Oman’s tourism sector posted total output of RO2.28bn ($5.93bn) in 2025, up 7.8% on the previous year, data from the National Centre for Statistics and Information (NCSI) released over the weekend reported.
The sector’s direct contribution to GDP at current prices climbed 3.7% year on year to RO1.13bn ($2.94bn) by the end of December, up from RO1.09bn a year earlier. Direct value added rose 4% to RO1.10bn over the same period.
Visitor spending was the standout driver. Tourism consumption jumped 11.6% to roughly RO1.17bn ($3.04bn), pointing to firmer domestic travel activity alongside higher inbound expenditure. Total output of RO2.28bn compared with RO2.11bn in 2024.
What’s driving growth
Tourism consumption was the headline figure for trade buyers, climbing 11.6% to around RO1.17bn ($3.04bn). The pace points to higher per-visitor spend and a more active domestic leisure market, both of which feed directly into hotel ADR, F&B revenue and ancillary spend.
Accommodation services led the sub-sector breakdown with a 17% jump to RO252.1mn ($655mn), suggesting healthy occupancy and rate growth across the Sultanate’s hotel stock. A wider basket of tourism-related services rose 18% to RO197.9mn. Restaurant revenue grew 3.5% to RO198.9mn, while transport services edged up 1.1% to RO196.5mn.

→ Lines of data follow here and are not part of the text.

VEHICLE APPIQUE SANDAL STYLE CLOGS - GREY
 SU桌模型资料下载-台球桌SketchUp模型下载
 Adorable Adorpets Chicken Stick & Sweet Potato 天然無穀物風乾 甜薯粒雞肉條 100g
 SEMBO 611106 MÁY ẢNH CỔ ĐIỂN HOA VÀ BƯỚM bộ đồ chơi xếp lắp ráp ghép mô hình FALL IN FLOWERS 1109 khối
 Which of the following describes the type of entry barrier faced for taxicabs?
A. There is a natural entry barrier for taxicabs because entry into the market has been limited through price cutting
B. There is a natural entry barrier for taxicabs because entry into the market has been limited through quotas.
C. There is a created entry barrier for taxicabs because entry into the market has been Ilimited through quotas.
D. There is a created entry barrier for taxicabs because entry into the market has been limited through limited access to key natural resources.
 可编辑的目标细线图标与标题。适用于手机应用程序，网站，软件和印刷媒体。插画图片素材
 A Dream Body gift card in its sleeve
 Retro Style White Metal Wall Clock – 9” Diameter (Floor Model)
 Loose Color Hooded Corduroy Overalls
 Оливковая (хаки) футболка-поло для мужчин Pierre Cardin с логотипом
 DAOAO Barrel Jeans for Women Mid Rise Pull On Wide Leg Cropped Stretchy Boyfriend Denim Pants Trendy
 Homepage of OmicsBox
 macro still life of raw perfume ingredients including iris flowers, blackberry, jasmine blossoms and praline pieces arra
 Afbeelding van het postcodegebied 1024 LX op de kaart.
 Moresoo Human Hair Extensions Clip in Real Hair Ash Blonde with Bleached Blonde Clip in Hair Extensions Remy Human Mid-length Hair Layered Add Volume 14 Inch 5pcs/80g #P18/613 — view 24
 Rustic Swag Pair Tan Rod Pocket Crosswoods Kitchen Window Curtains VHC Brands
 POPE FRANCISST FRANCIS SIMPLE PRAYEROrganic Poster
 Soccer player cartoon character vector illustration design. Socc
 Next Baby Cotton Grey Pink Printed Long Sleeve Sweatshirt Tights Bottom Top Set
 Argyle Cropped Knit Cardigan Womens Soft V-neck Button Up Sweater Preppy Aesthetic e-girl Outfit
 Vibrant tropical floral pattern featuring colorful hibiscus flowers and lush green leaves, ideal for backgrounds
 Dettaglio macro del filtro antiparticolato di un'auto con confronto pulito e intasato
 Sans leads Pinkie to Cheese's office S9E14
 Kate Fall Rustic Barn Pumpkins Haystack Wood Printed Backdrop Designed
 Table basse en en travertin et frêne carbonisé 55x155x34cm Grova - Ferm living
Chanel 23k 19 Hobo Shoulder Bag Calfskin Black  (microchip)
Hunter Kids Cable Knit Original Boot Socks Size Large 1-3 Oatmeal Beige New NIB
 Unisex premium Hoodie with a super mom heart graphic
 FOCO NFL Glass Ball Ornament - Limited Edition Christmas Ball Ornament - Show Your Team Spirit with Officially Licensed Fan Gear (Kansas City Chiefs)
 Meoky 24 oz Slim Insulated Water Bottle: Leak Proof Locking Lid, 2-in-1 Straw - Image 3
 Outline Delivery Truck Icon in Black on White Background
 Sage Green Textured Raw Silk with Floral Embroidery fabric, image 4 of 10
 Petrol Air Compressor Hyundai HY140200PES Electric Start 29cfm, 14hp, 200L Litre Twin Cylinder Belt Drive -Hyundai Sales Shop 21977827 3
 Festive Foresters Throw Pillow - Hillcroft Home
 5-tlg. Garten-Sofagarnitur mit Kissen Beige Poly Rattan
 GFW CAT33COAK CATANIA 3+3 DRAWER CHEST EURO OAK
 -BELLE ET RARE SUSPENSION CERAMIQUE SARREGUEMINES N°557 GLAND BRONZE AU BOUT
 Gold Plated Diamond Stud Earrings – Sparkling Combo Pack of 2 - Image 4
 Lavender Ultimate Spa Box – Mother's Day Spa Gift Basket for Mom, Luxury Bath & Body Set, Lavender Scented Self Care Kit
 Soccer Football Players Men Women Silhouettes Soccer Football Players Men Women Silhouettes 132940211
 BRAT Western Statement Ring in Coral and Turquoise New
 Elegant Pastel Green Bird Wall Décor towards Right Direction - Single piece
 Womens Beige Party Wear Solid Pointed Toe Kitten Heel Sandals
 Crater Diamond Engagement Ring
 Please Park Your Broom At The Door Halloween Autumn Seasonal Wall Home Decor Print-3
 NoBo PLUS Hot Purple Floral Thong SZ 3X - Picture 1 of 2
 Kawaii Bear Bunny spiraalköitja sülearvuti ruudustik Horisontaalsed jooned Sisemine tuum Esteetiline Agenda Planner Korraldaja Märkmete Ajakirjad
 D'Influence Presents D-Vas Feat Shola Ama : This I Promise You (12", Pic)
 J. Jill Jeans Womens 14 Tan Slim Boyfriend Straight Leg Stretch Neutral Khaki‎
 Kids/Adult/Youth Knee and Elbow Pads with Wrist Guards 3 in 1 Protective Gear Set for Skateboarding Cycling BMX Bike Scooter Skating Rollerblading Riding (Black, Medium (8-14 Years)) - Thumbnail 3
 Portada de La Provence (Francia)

Travel agency contraction signals channel shift
Travel agencies and booking services were the only category to contract, falling 12.2% to RO242.7mn. The decline reflects a wider regional pattern of inbound travellers moving towards direct online bookings, OTAs and metasearch platforms, with traditional intermediaries under pressure to reposition around niche, high-touch and B2B segments.
For trade partners, the data suggests opportunity in specialised products — adventure, cultural and luxury itineraries — where curated expertise still commands a premium over commoditised online channels.
Q4 plateau worth watching
Quarterly figures showed a flatter close to the year. Tourism’s direct contribution to GDP in the fourth quarter of 2025 was RO330mn, marginally below the RO331mn recorded in Q4 2024, accounting for 3% of total GDP.
The softer fourth quarter follows a strong nine-month run and may indicate base effects rather than underlying weakness, though it bears watching as 2026 trading begins.
Vision 2040 backdrop
Tourism is one of several priority sectors identified under Oman Vision 2040 for diversifying the economy away from hydrocarbons. Sustained policy support, expanded airlift, growing hotel inventory and integrated developments along the Musandam, Dhofar and Sharqiyah coasts have underpinned the trajectory.
Muscat has also expanded visa-on-arrival eligibility and stepped up destination marketing in priority source markets across Europe, Asia and the GCC.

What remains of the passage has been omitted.